The Elements of Hold’em: Game Theory Poker
What if you could play online poker at Bovada and never lose? There are no such guarantees, of course – you can win or lose an entire stack at No-Limit Hold’em on any one hand, depending on which cards come out at random. However, in the long run, there is a certain style of play that will allow you at least to break even if you do it right, and to profit from other players’ mistakes when they happen.
You may have heard of this style of poker: It’s called game-theory optimal, or GTO for short. The idea is to make yourself as unexploitable as possible, rather than exploit your opponents, and it really started gaining traction sometime around 2015, when computer programs are known as “solvers” gained the power to quickly (and cheaply) analyze billions of hands. GTO solvers are even more powerful now. They can recommend the right balance of value bets and bluffs to frustrate your opponents, and the closer you can get to striking that balance, the more money you can win at the poker table.
When to Play Balanced in Hold’em
Achieving this balance is easier said than done. GTO solvers, and advanced poker bots like Libratus, use complex strategies that are virtually impossible for humans to mimic. A lot of good work has been done recently in coming up with simplified Hold’em strategies that are near-optimal in many situations. These are much easier strategies to implement; they aren’t perfect, but they’ll keep you from making the kind of big mistakes that many players make trying to play perfectly balanced poker.
Instead of trying to memorize and replicate these strategies at Bovada Poker, consider taking the time to think about why balance is important. We already know that deception is a vital element in Hold’em; when you make a bet, for example, you want your opponents to be confused about whether you’re betting for value or as a bluff. Balance takes this one step further, by using the best ratio of bluffs to value bets for your situation. Too many value bets will allow your opponent to exploit you by folding. Too many bluffs will allow your opponent to exploit you by calling.

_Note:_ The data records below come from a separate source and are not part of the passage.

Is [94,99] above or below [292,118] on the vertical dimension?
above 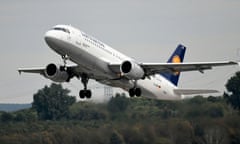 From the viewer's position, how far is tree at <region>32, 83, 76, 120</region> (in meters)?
73.8

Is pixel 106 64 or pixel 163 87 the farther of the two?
pixel 163 87

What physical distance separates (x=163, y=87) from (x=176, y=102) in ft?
5.35

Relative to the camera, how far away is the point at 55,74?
57188mm

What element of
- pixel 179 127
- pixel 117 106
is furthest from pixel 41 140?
pixel 179 127

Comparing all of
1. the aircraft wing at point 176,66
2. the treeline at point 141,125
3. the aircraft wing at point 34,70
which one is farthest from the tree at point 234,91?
the aircraft wing at point 34,70

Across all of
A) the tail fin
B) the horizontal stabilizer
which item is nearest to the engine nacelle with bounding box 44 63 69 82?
the horizontal stabilizer

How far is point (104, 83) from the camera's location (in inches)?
2259

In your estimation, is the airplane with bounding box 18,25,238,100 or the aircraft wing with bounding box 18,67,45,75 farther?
the aircraft wing with bounding box 18,67,45,75

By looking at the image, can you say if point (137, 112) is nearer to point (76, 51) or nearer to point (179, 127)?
point (179, 127)

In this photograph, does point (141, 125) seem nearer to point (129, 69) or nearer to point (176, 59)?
point (129, 69)

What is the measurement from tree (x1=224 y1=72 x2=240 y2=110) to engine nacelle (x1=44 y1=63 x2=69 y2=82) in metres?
14.0

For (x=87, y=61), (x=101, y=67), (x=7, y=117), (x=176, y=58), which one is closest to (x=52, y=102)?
(x=7, y=117)

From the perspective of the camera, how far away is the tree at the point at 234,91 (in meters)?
65.2

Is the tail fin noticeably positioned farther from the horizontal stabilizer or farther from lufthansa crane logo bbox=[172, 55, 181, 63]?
the horizontal stabilizer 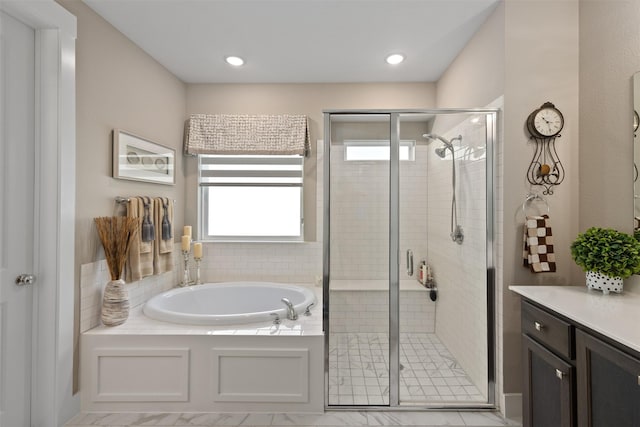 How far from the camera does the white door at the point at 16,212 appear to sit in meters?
1.62

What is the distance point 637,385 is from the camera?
1.03 m

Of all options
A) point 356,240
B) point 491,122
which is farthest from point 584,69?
point 356,240

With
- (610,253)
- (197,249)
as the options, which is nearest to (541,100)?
(610,253)

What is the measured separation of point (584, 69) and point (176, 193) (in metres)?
3.23

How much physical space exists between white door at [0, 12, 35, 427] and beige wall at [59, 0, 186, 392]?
236mm

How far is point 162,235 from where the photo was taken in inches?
105

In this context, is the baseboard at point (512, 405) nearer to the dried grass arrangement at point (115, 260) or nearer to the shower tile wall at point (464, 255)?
the shower tile wall at point (464, 255)

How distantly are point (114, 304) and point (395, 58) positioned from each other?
2.76 metres

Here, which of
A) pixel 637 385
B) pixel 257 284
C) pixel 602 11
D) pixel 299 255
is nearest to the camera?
pixel 637 385

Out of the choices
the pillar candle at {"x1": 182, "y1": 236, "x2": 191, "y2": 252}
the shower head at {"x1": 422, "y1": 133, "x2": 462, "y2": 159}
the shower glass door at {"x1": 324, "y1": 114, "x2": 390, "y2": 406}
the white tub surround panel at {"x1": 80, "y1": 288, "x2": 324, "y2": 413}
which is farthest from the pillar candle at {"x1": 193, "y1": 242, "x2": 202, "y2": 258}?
the shower head at {"x1": 422, "y1": 133, "x2": 462, "y2": 159}

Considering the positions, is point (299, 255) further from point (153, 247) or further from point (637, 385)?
point (637, 385)

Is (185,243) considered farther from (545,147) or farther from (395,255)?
(545,147)

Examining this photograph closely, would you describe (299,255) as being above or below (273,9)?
below

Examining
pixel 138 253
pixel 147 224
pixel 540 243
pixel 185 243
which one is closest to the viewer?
pixel 540 243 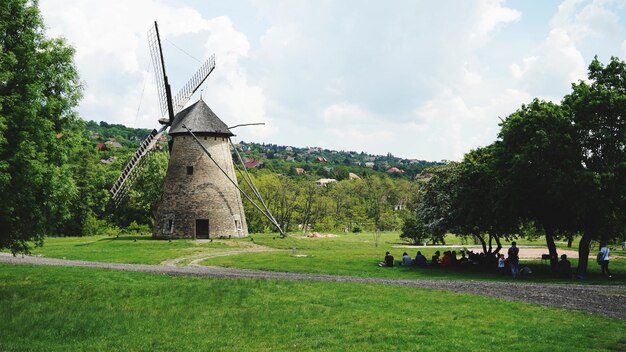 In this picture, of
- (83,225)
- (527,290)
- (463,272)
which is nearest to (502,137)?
(463,272)

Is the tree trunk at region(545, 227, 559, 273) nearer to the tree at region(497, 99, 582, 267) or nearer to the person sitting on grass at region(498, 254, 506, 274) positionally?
the tree at region(497, 99, 582, 267)

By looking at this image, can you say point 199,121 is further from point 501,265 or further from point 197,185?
point 501,265

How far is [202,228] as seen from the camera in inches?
1905

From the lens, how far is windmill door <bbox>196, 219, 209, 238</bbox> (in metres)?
48.3

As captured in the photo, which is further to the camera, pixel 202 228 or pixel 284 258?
pixel 202 228

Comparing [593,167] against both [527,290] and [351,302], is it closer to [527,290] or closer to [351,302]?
[527,290]

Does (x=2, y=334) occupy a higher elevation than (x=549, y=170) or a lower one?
lower

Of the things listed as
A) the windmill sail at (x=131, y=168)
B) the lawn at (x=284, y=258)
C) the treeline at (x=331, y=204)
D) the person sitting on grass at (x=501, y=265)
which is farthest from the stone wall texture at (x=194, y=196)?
the treeline at (x=331, y=204)

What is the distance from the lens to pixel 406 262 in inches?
1247

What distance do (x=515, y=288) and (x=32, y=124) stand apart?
20480 millimetres

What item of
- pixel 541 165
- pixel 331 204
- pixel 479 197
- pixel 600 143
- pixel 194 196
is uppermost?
pixel 600 143

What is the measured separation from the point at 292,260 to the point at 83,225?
50.3 meters

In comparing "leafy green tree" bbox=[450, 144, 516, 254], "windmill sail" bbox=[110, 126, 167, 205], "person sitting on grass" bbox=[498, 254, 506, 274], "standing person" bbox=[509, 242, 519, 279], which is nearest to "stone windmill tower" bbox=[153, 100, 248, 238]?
"windmill sail" bbox=[110, 126, 167, 205]

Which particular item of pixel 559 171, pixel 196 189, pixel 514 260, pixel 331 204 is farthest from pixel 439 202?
pixel 331 204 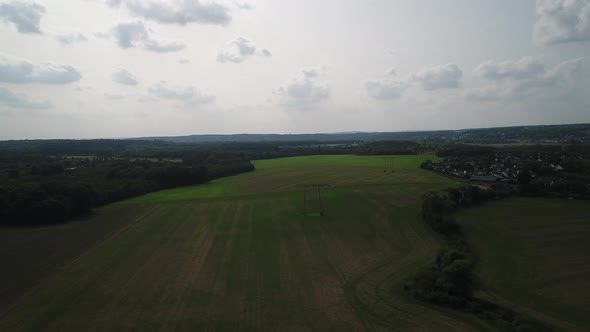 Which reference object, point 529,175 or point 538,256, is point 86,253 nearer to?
point 538,256

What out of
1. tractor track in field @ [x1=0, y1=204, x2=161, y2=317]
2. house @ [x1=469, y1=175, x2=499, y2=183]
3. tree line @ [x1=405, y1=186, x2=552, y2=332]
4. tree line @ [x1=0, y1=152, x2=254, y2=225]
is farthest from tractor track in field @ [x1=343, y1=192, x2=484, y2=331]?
house @ [x1=469, y1=175, x2=499, y2=183]

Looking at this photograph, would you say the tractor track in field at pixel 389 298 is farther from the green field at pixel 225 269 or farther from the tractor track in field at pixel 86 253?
the tractor track in field at pixel 86 253

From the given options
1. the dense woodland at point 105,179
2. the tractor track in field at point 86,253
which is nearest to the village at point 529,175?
the dense woodland at point 105,179

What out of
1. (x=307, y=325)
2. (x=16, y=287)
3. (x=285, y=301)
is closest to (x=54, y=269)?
(x=16, y=287)

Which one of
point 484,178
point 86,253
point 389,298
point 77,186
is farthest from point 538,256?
point 77,186

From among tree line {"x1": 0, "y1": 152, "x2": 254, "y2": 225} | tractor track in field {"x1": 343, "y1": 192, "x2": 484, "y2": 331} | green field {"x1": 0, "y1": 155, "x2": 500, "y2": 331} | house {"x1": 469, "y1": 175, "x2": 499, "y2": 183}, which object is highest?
tree line {"x1": 0, "y1": 152, "x2": 254, "y2": 225}

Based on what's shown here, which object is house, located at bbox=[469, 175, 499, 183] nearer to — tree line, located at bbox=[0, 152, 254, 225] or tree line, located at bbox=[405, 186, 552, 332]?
tree line, located at bbox=[405, 186, 552, 332] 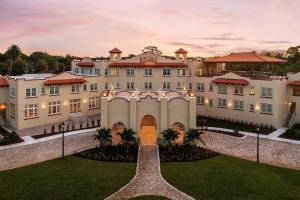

Once you understand the concept of balance in poker, the next step is to know when to play unbalanced poker. Think of GTO like a defensive shell that you leave whenever there’s a large enough opening to exploit your fellow players. You’ll “drop your guard” by making a certain move more or less often than optimal play would suggest, hoping to land a big punch and extract more value from your opponent. But beware: When you’re unbalanced, you’re vulnerable to getting hit yourself.